Over the course of the TR+D1 studio, graduate students developed their individual research topics in preparation for a thesis in architecture. The intention is to establish a theoretical, historical and intellectual framework through a diversity of representational modes; mapping, diagramming, photo essays, writing, which will serve as the foundation for a graduate thesis to be pursued over forthcoming academic terms.
The Generic Spectacle
The Las Vegas Strip and an Emerging Urban Typology
Abstract by Kurt Kraler
Once proclaimed as the vernacular American commercial strip, the Las Vegas Strip has experienced a dramatic transformation as a result of the powerful forces of capitalism and political autonomy. Buildings are constructed, renovated, and imploded at a rapid pace in a push to remain culturally relevant and continue to entice an increasingly international tourist base. The proposed term generic spectacle draws on the writings of Guy Debord and Rem Koolhaas to encapsulate this emerging urban phenomenon.
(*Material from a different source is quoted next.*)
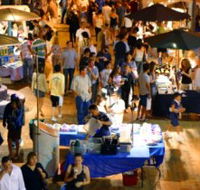 Surfers Paradise Beachfront Markets - Hotel WA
Debord’s “The Society of the Spectacle” warns of the powerful role of the image in modern society, where the representation has come to supersede the represented, resulting in diminished discourse and quality of life. As documented in “Learning from Las Vegas” (1972), this was particularly evident along the Las Vegas Strip at a time when enlarged roadside signs dominated in an effort to attract customers arriving by automobile. The sign would eventually merge with the building, producing immersive spaces and atmospheres, which often emulated far off places and cinematic themes.
Coincidentally, amidst the cacophony of images, the Strip has also come to resemble that of Koolhaas’ the Generic City, an urban typology recognizable through its banality and reckless repetition. The Mojave Desert serves as a tabula rasa to the rapid pace of development, renovation, and implosion that has allowed the Strip to continuously reinvent itself in an effort remain relevant within the highly competitive tourist industry. One wonders, what could be more generic than a urban typology predominantly composed of hotel rooms, itself a kit of parts replicated floor after floor with little variation?
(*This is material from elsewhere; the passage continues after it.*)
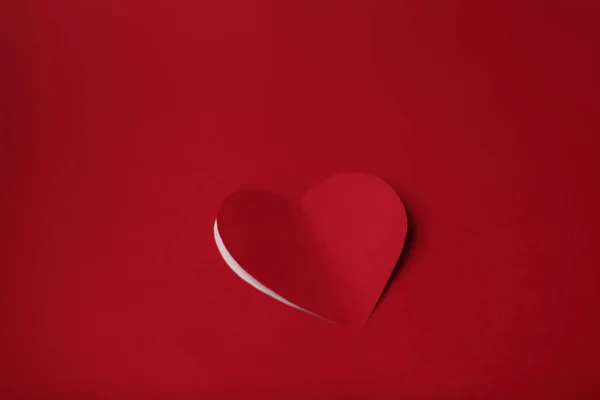 Corazón cortado en papel de fondo —  Fotos de Stock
The recent completion of CityCenter in Las Vegas, a massive $8.5 billion development ultimately indistinguishable from any other contemporary North American city, marks a new era in city building. The Las Vegas tradition of erecting kitschy replicas has since been discarded in favour of a more sophisticated theme where the threshold between the original and the reproduction is no longer evident, reflecting Debord’s observation that the image is prevailing.
This thesis will explore the phenomena of the generic spectacle in relationship to the Las Vegas Strip and the resulting architectural and social implications of an increasingly hybridized urban form founded on the basis of an exploitive service economy in order to maintain the illusion of leisure. Discussions of the reciprocal relationship between copies and their originals in the formation of simulacra, as framed by Jean Baudrillard, as well as the influence of such factors as the geopolitical history of the region and an underlying military presence in the formation of the generic spectacle.